O Observador reuniu as informações mais recentes sobre os conflitos que resultaram em milhares de mortes, de deslocados e de refugiados: Síria, Iémen, Etiópia, Afeganistão, Nigéria, Sudão do Sul e República Centro-Africana.
Síria
De protestos pacíficos contra o regime de Bashar al-Assad para uma guerra civil. Desde 2011 que a Síria é palco de conflitos, com bombardeamentos e ataques diários. E, “à medida que a crise continua, a esperança desaparece”, escreveu o Alto-Comissariado das Nações Unidas para os Refugiados.
A guerra na Síria criou o maior fluxo de refugiados do século: existem mais de 6,6 milhões de refugiados sírios em todo o mundo e 5,6 milhões estão em países próximos da Síria, como Turquia, Iraque e Egito. Aliás, a Turquia é o país que tem mais refugiados sírios — são mais de 3,7 milhões. De acordo com o Observatório Sírio para os Direitos Humanos, este conflito armado provocou, nos últimos 11 anos, meio milhão de mortes.
O conflito na Síria tem sido comparado à guerra na Ucrânia, que começou a 24 de fevereiro, por causa da “multiplicação dos crimes de guerra”. Esta terça-feira, a Amnistia Internacional referiu que “o que está a acontecer na Ucrânia é uma repetição daquilo que vimos na Síria”. A guerra na Ucrânia dura há mais de um mês e a guerra na Síria entrou este mês na segunda década.

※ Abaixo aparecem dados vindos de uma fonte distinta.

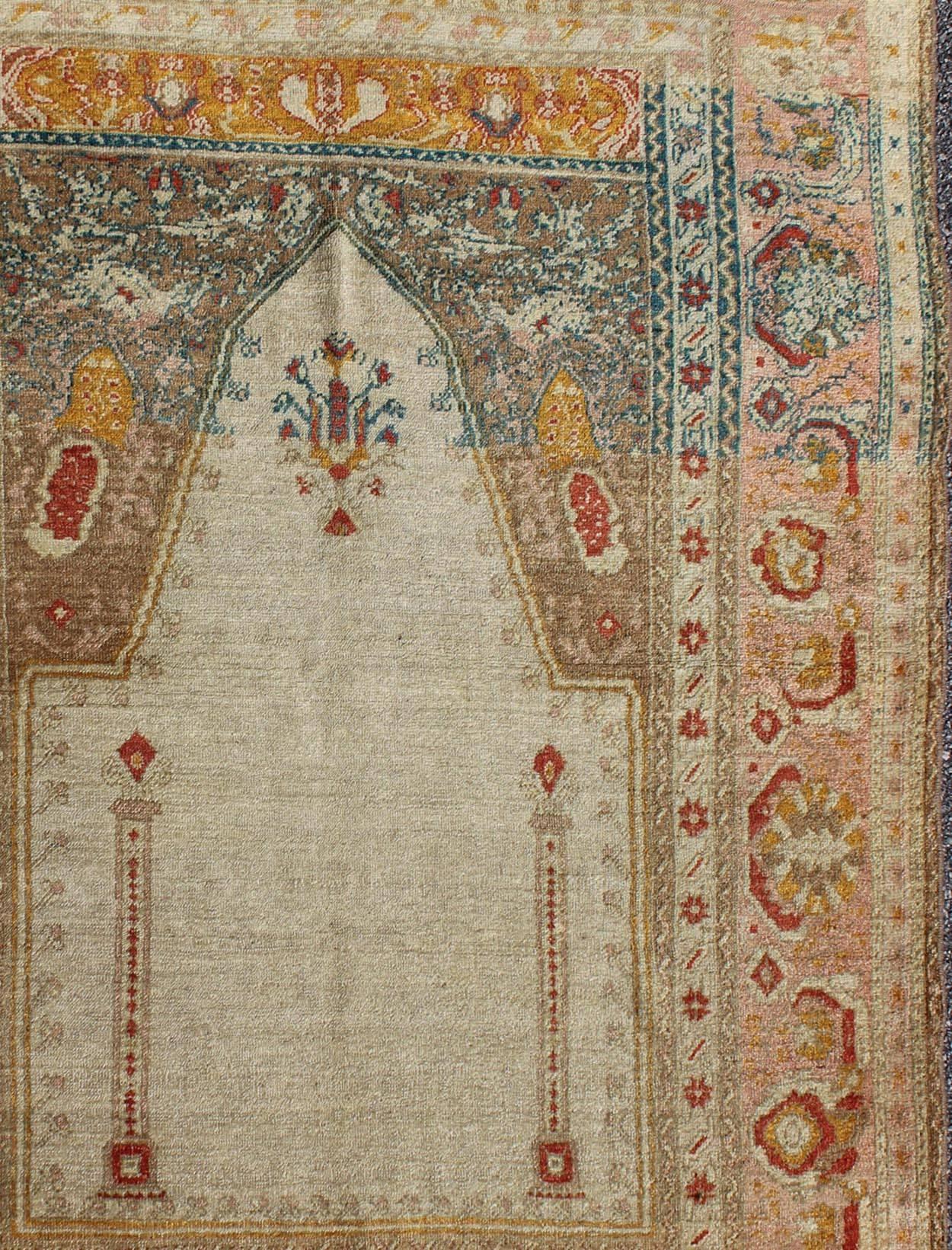 Turc Ancien tapis de prière turc Sivas avec motif floral en ivoire, taupe et rose en vente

As notícias mais recentes dão conta de uma lei promulgada por Bashar al-Assad que restringe a liberdade de expressão no país: seis meses de prisão para os cidadãos que usem palavras que afetam a imagem do governo. Também na semana passada, a ONU promoveu negociações em Genebra para discutir uma nova Constituição da Síria, com a presença dos representantes do governo de Damasco. Esta é a sétima reunião, sendo que as seis anteriores terminaram sem qualquer acordo.
Iémen
A maior crise humanitária de sempre pode ser resumida nos seguintes números: sete anos de conflito, quatro milhões de deslocados dentro do país, mais de 23 milhões de pessoas precisam de ajuda humanitária e 377 mil pessoas morreram.

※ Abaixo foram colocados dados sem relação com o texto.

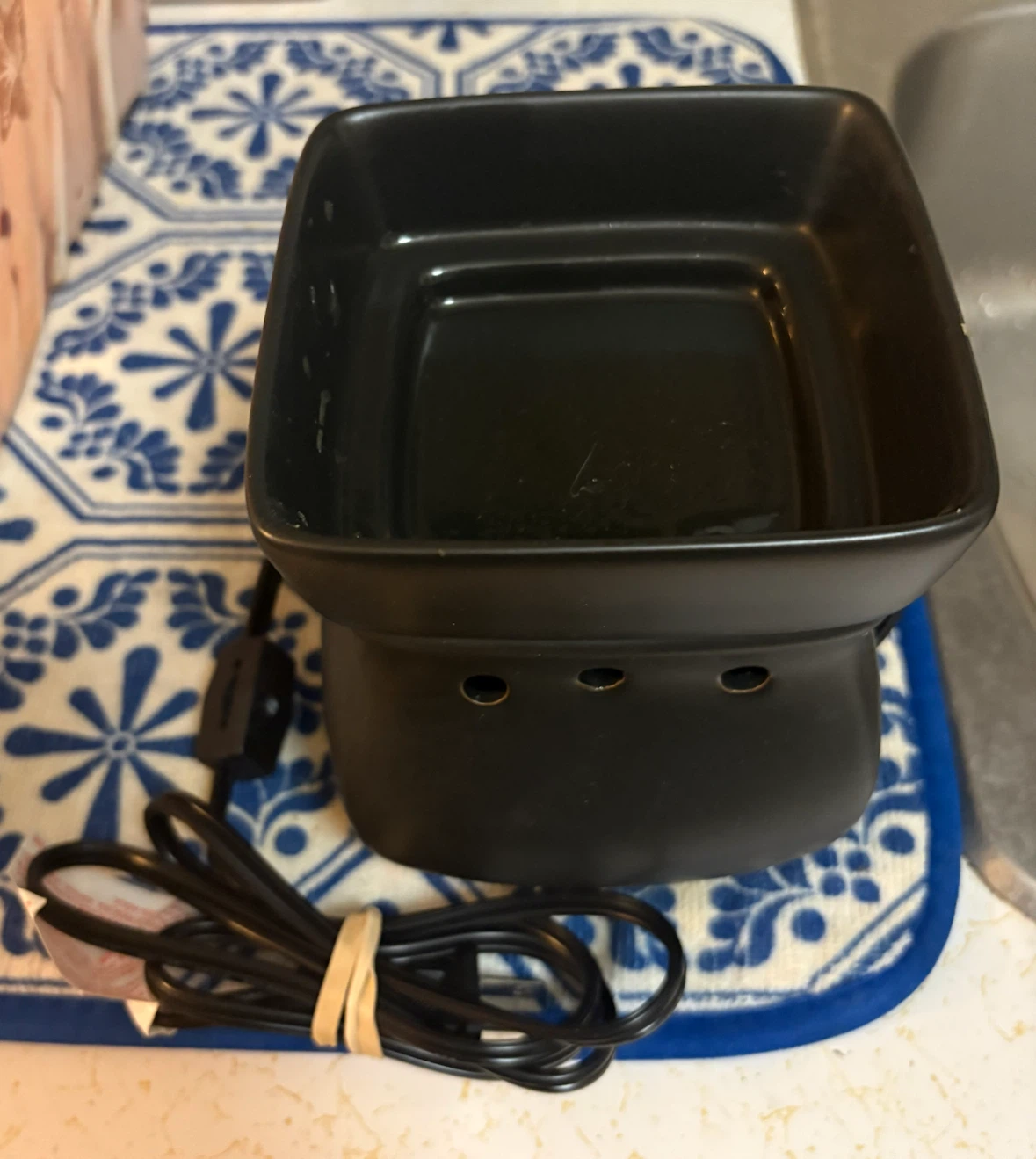 Scentsy Classic Satin Black Warmer - photo 2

O Alto-Comissariado das Nações Unidas para os Refugiados disse recentemente que não existem sinais de abrandamento deste conflito, que começou em 2015. E a decisão que os rebeldes Houthis tomaram esta semana vem confirmar exatamente a dificuldade que o Iémen terá em terminar com o conflito armado. O objetivo seria ter este ano um mês de Ramadão em paz, sem ataques, mas o cessar-fogo não vai acontecer.

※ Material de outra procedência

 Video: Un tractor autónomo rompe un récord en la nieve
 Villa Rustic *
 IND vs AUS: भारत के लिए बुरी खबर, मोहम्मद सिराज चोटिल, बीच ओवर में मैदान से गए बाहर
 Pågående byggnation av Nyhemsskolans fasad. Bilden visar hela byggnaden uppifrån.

Neste país, aquilo que começou com um protesto batizado de “Primavera Árabe”, para acabar com a corrupção no governo e alcançar estabilidade, acabou numa profunda crise. O grupo de rebeldes Houthis, da fação xiita, invadiu a capital do Iémen em 2014 e, a partir daí, os confrontos entre xiitas e sunitas tem resultado na destruição do país.
Etiópia
Poderá existir, neste momento, pelo menos um sinal de apaziguamento no conflito que dura há 17 meses na zona norte da Etiópia — que incluiu as regiões de Tigray, Afar e Amhara. Os rebeldes do Tigray deram, na semana passada, luz verde para um cessar-fogo, permitindo ao governo que fizesse chegar ajuda humanitária a esta região, marcada pela fome de milhares de pessoas. Milhares de pessoas morreram desde novembro de 2020 e 400 mil fugiram do país.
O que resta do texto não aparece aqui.